*** MATERIAL FOR THIS EXERCISE ***

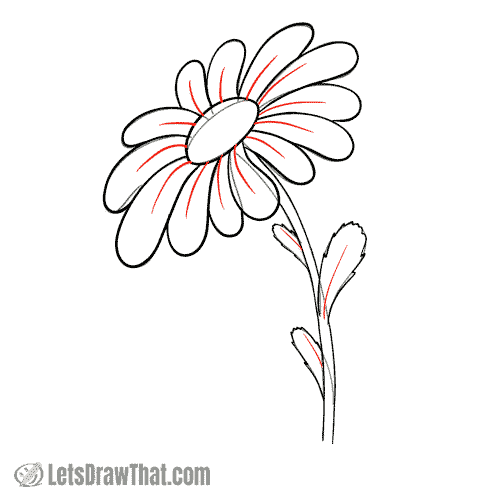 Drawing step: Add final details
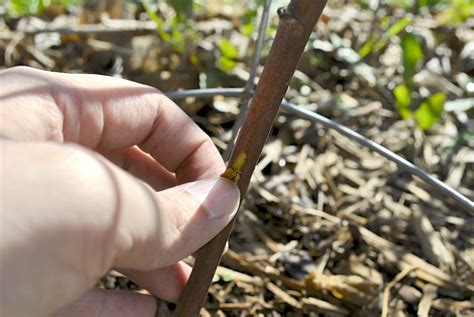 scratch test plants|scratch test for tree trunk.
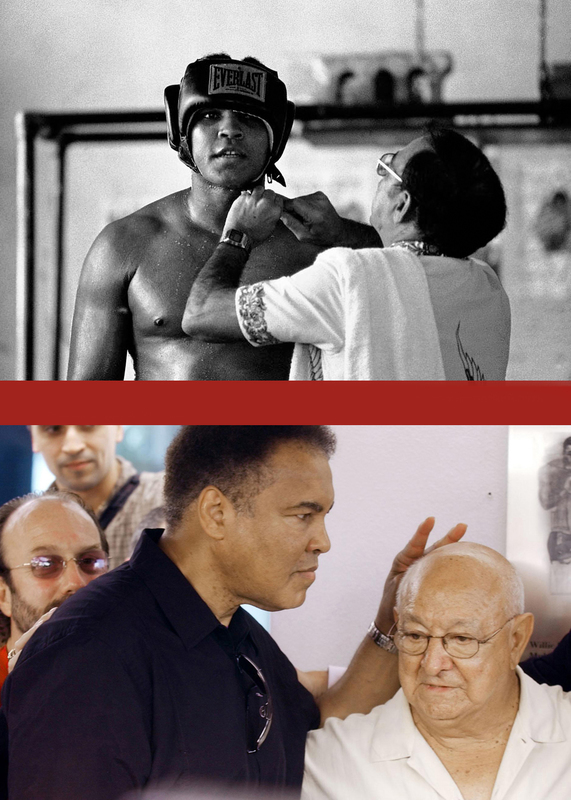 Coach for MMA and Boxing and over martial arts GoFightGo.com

*** End of MATERIAL FOR THIS EXERCISE ***
*** MATERIAL FOR THIS EXERCISE ***

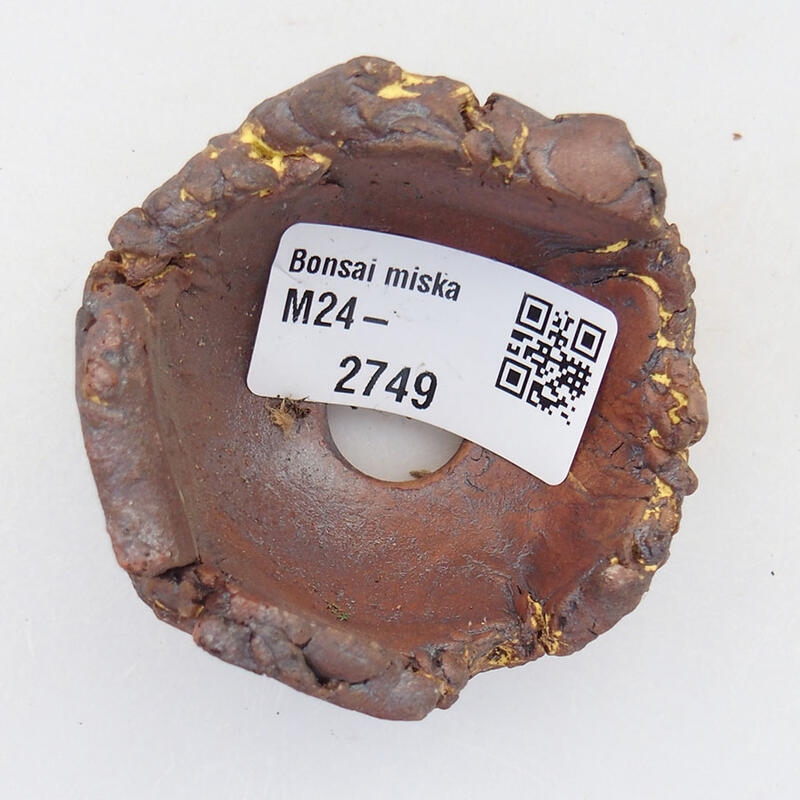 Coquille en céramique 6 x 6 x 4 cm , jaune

*** End of MATERIAL FOR THIS EXERCISE ***

ACTIVITY »
All that should be printed is the run of lines above from the one with "scratch test plants|scratch" through the one with "Coach for MMA", both included, exactly as given, with pictures left out.

SOLUTION FOR THIS PROBLEM »
 scratch test plants|scratch test for tree trunk.
 Coach for MMA and Boxing and over martial arts GoFightGo.com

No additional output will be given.